Defendant's brief in support of its motion for summary judgment is referred to as "Def. Br." (D.E. 25-3); Plaintiff's brief in opposition to Defendant's motion is referred to as "Pl. Opp." (D.E. 30); and Defendant's reply brief in support of its motion for summary judgment is referred to as "Def. Reply" (D.E. 31).
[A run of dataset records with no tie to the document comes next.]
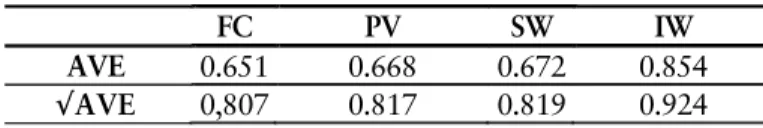 Table 5 Correlations among Latent Variables and Errors FC PV SW IW  AVE  0.651 0.668 0.672 0.854 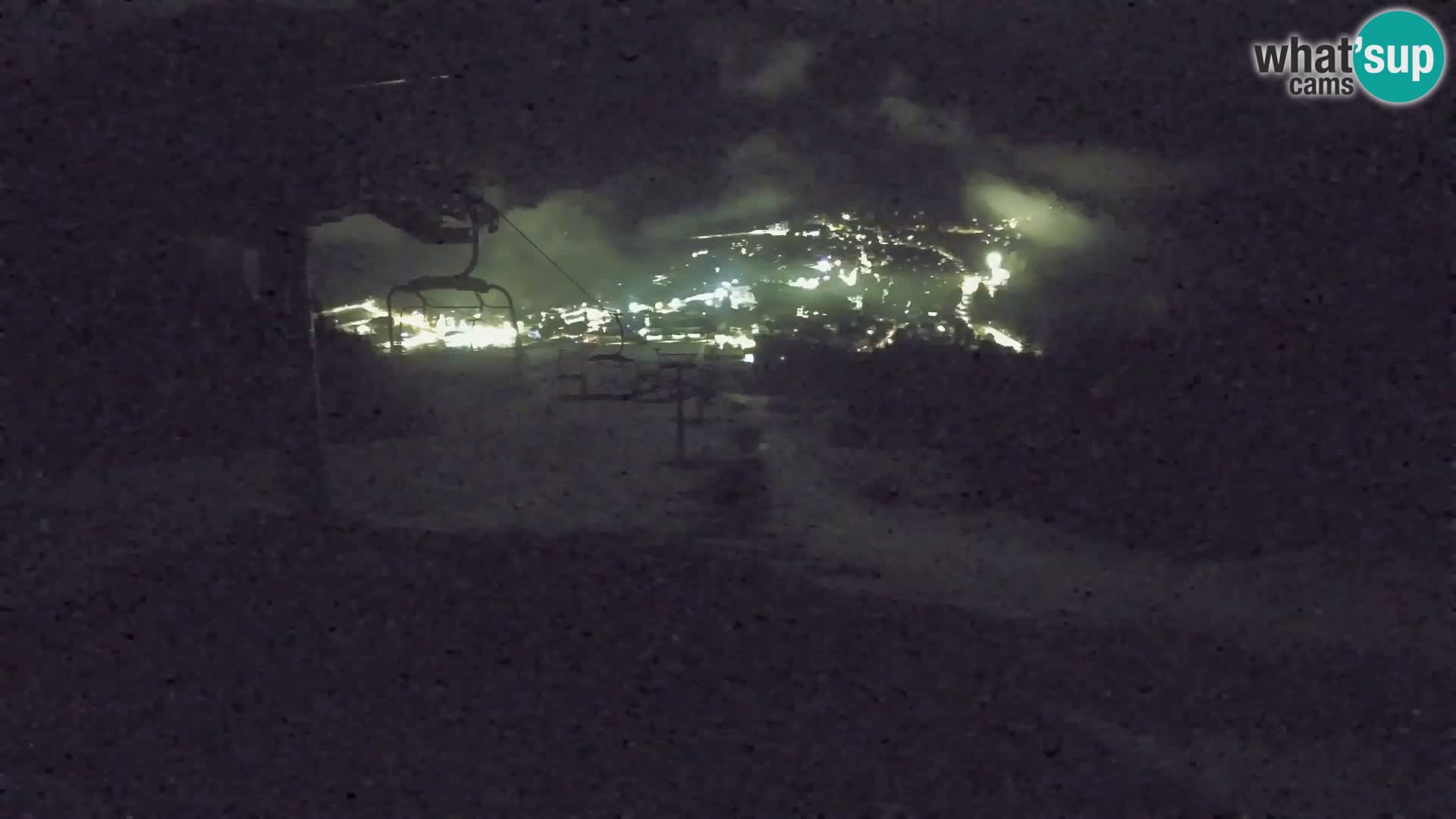 Kekec Kranjska Gora Live webcam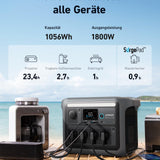 Anker SOLIX C1000 Set Tragbare Powerstation mit 100W Solarpanel, LiFePO4 Akku, 1800W Solargenerator, 4*230V Steckdosen mit max. 2400W Leistung, LFP Powerstation für Outdoor, Camping und Stromreserve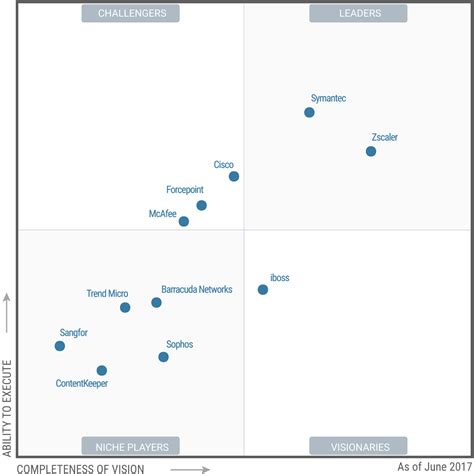 Gartner Magic Quadrant For Secure Web Gateways Blog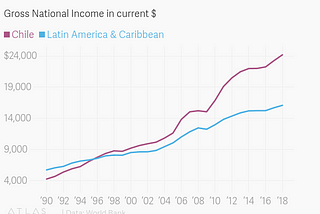 Chile’s growth in 1990s and 2000s exceeded Latin American peers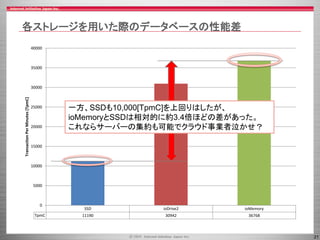 21
各ストレージを用いた際のデータベースの性能差
SSD ioDrive2 ioMemory
TpmC 11190 30942 36768
0
5000
10000
15000
20000
25000
30000
35000
40000
TransactionPerMinutes[TpmC]
一方、SSDも10,000[TpmC]を上回りはしたが、
ioMemoryとSSDは相対的に約3.4倍ほどの差があった。
これならサーバーの集約も可能でクラウド事業者泣かせ？
 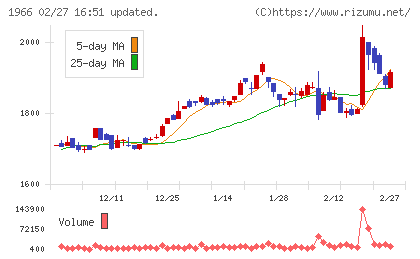 高田工業所チャート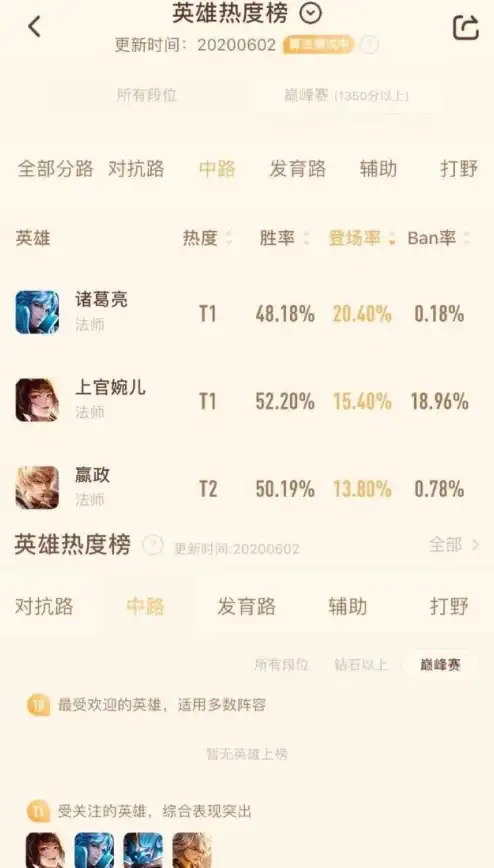 云服务,网站搭建-全科云枣庄节点，企业网站极速上线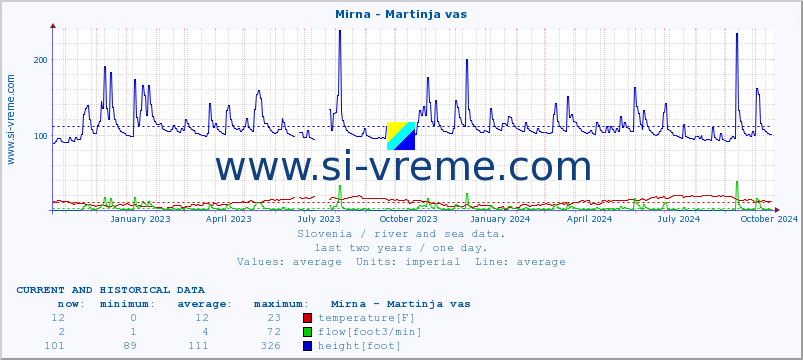  :: Mirna - Martinja vas :: temperature | flow | height :: last two years / one day.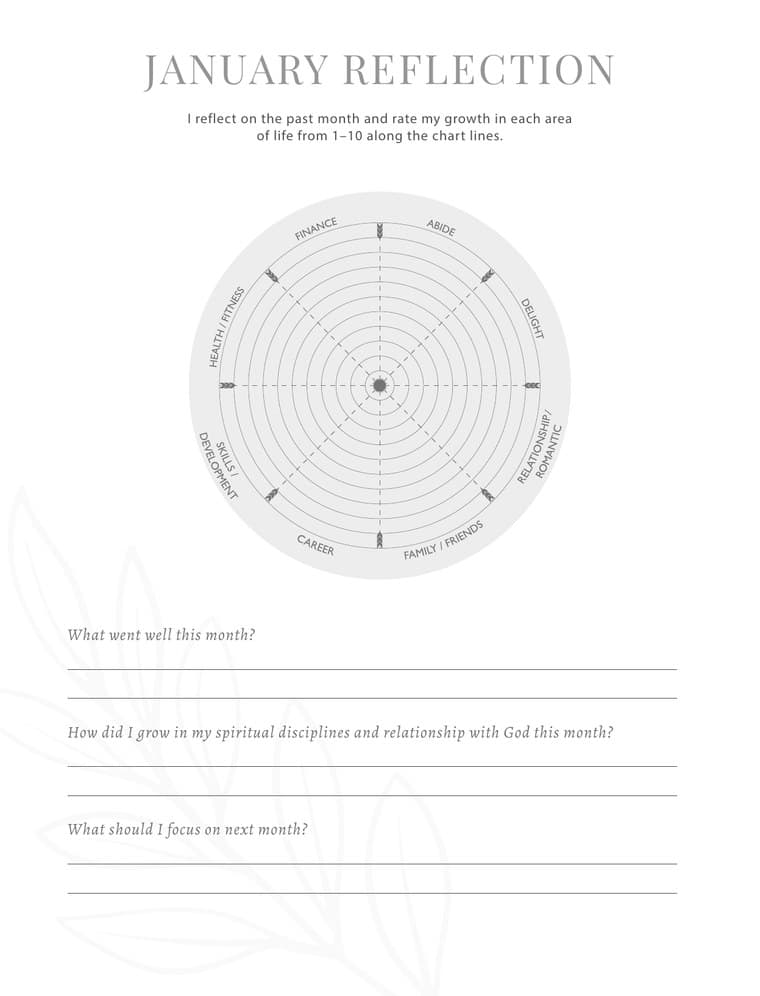 Official Ezer Planner reflection page preview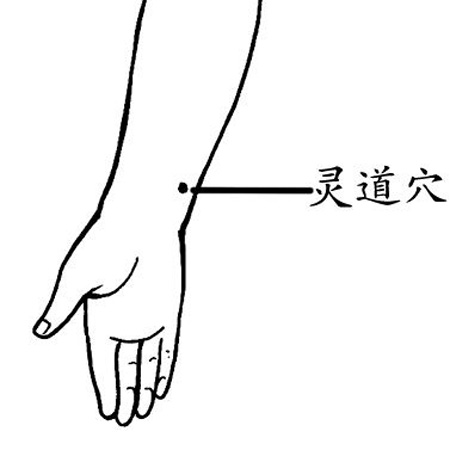 靈道穴→治心痛、失眠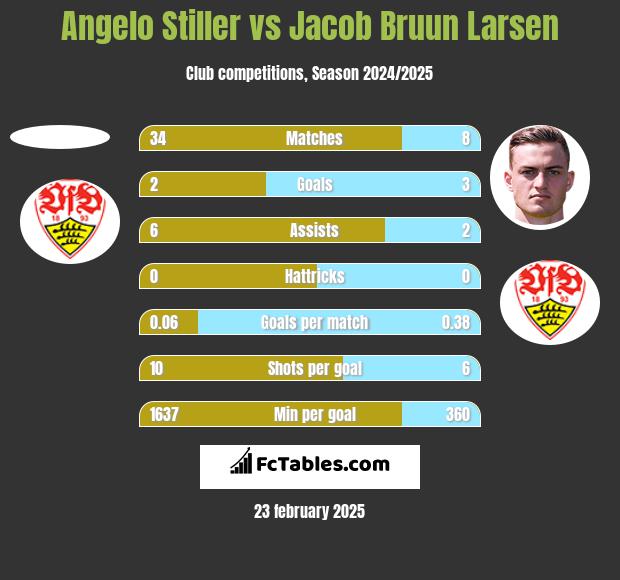 Angelo Stiller vs Jacob Bruun Larsen h2h player stats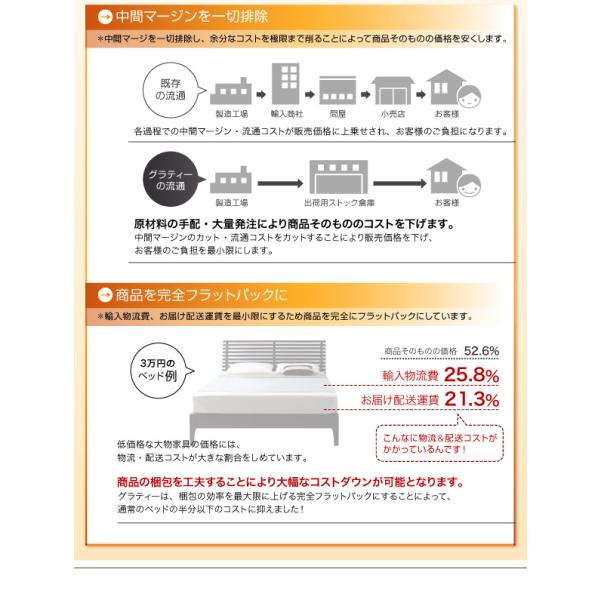 大型フロアベッド 分割・シンプル スタンダードポケットコイル ワイドK240(SD×2)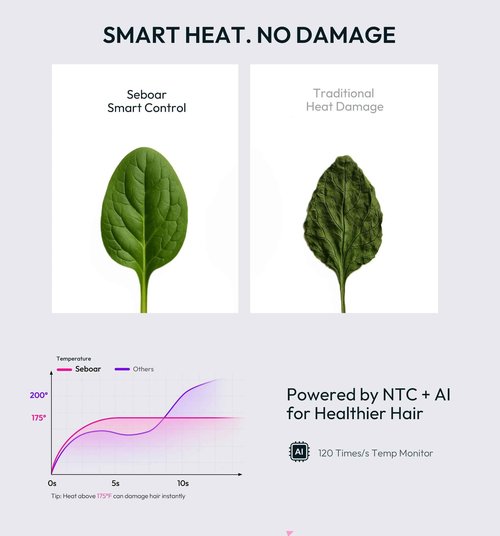 seboar High-Speed Ionic Hair Dryer with Diffuser, Professional LCD Display Thermo-Control Blow Dryer, 1500W Fast Dry, 500 Million Negative Hairdryer, Low Noise, Lightweight for Travel Home Salon
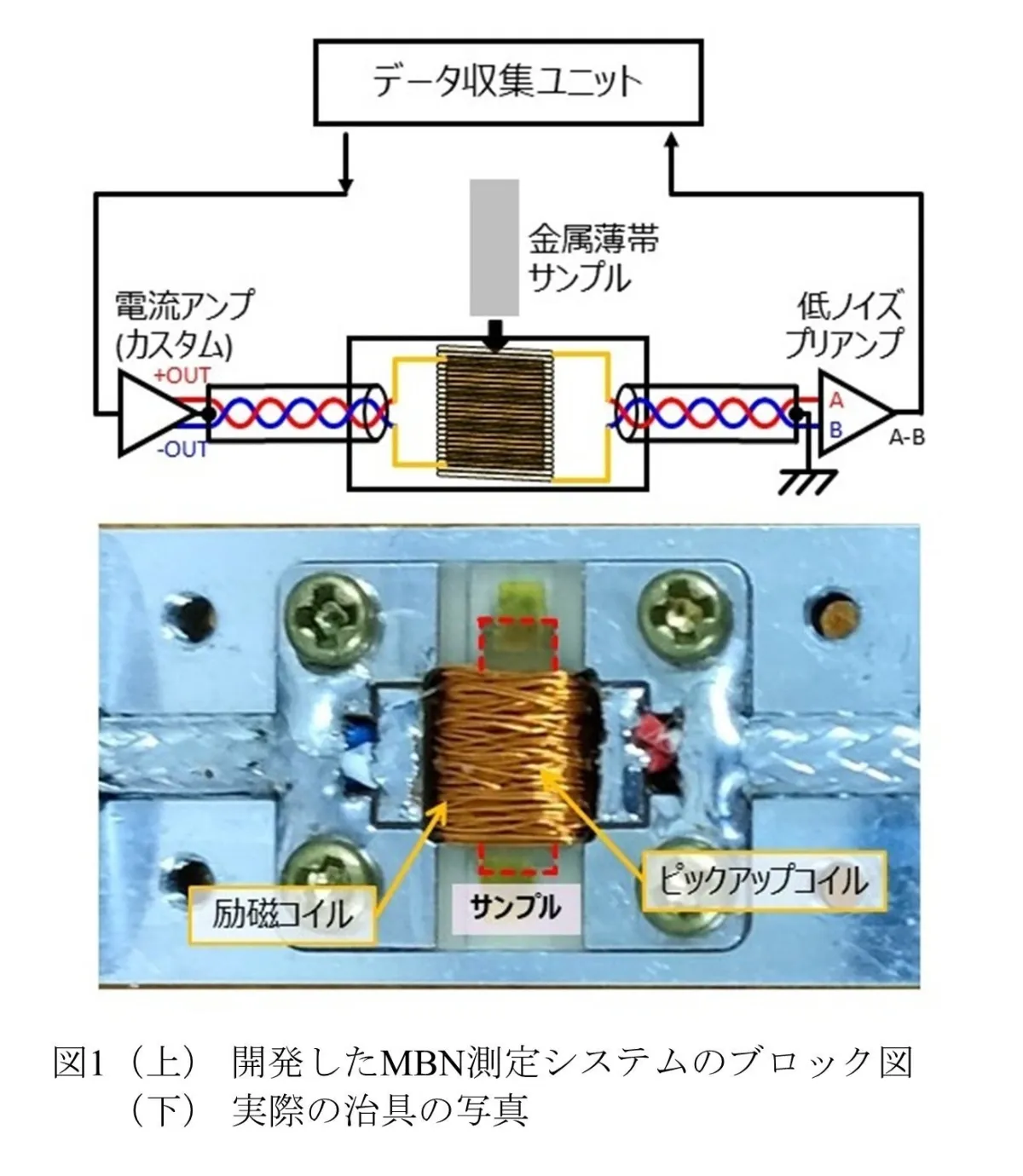 ノイズ抑制用軟磁性材料とその応用 : 軟磁性材料によるノイズ抑制効果 ノイズ抑制用軟磁性材料とその応用 軟磁性材料によるノイズ抑制効果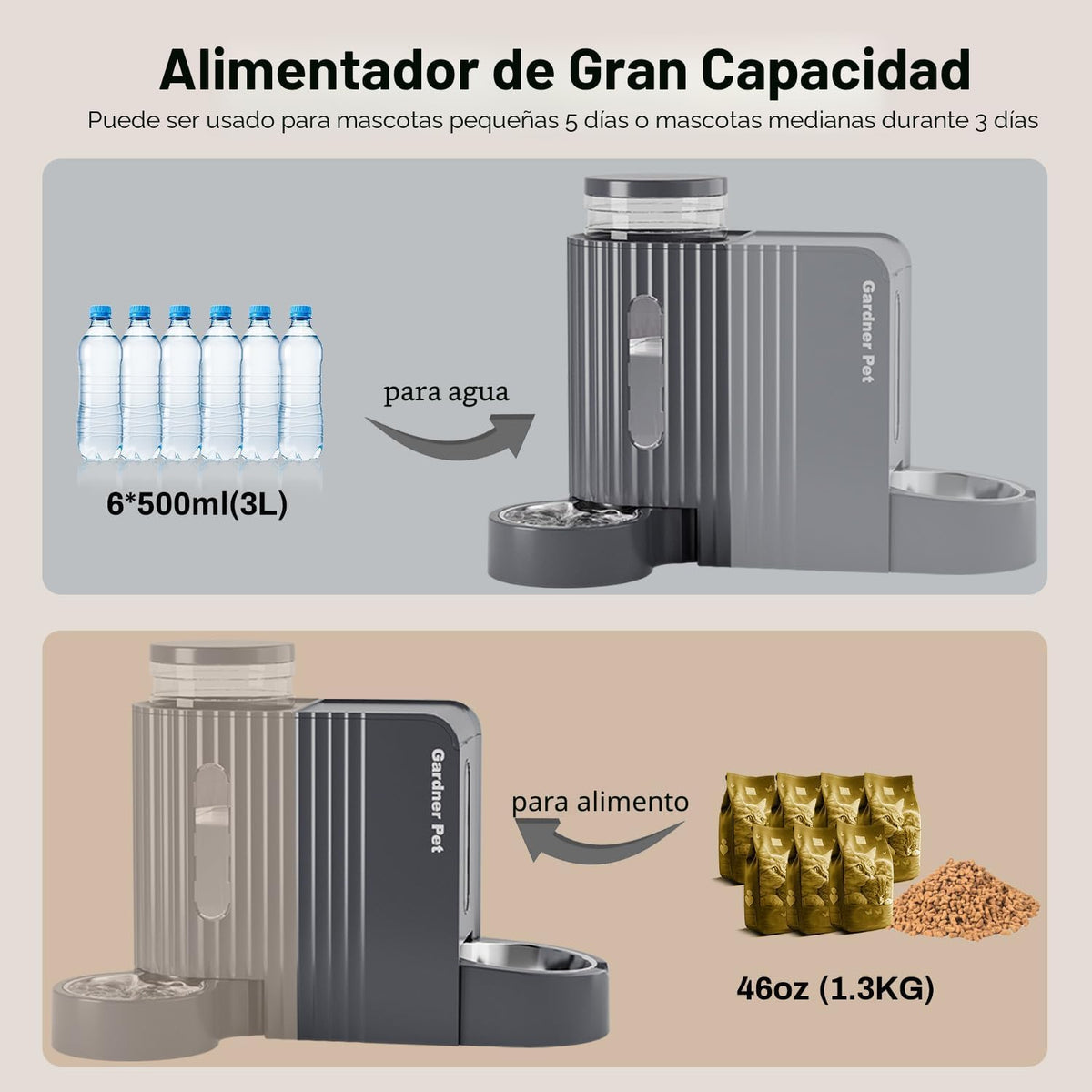 Gardner Pet Dispensador Automático por Gravedad de Comida para Gato...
I. FACTUAL AND PROCEDURAL BACKGROUND
The background facts are drawn from Defendant's statement of material facts not in dispute ("DSOMF"), D.E. 17-1, and Plaintiff's responsive statement to DSOMF ("Pl. Resp. to DSOMF"), D.E. 20. Plaintiff also filed a supplemental statement of material facts ("PSSOMF"). D.E. 20. However, it appears that Plaintiff's supplemental statement as filed is missing facts 2-11. Id. at 13-14. The PSSOMF begins with a fact labeled 1 on page 13 and continues with facts labeled 12-15 on page 14. Id. As a result, Defendant's responsive statement to PSSOMF ("Def. Resp. to PSSOMF"), D.E. 25-2, only responded to the five facts set forth in D.E. 20. Upon receiving Def. Resp. to PSSOMF, Plaintiff did not request leave from the Court to file such facts, 2-11. Instead, Plaintiff refiled her responsive statement to DSOMF and her PSSOMF in her opposition brief. D.E. 30. The version of PSSOMF in her opposition brief contained facts 1-15, including the facts that had been missing in her initial filing (D.E. 20). Id. The Court does not consider Plaintiff's supplemental facts 2-11. The Court's Order dated May 20, 2019 granting Defendant leave to file summary judgment stated that Plaintiff "shall refer to, and not refile" her supplemental statement of facts. D.E. 22. In addition, while the Court assumes the original filing was an oversight, Plaintiff did not request leave to file the missing facts - even after Defendant responded to only five supplemental facts. The Court refuses to consider facts 2-11 because it would be unfair to Defendant, which has not had a proper opportunity to respond to those facts.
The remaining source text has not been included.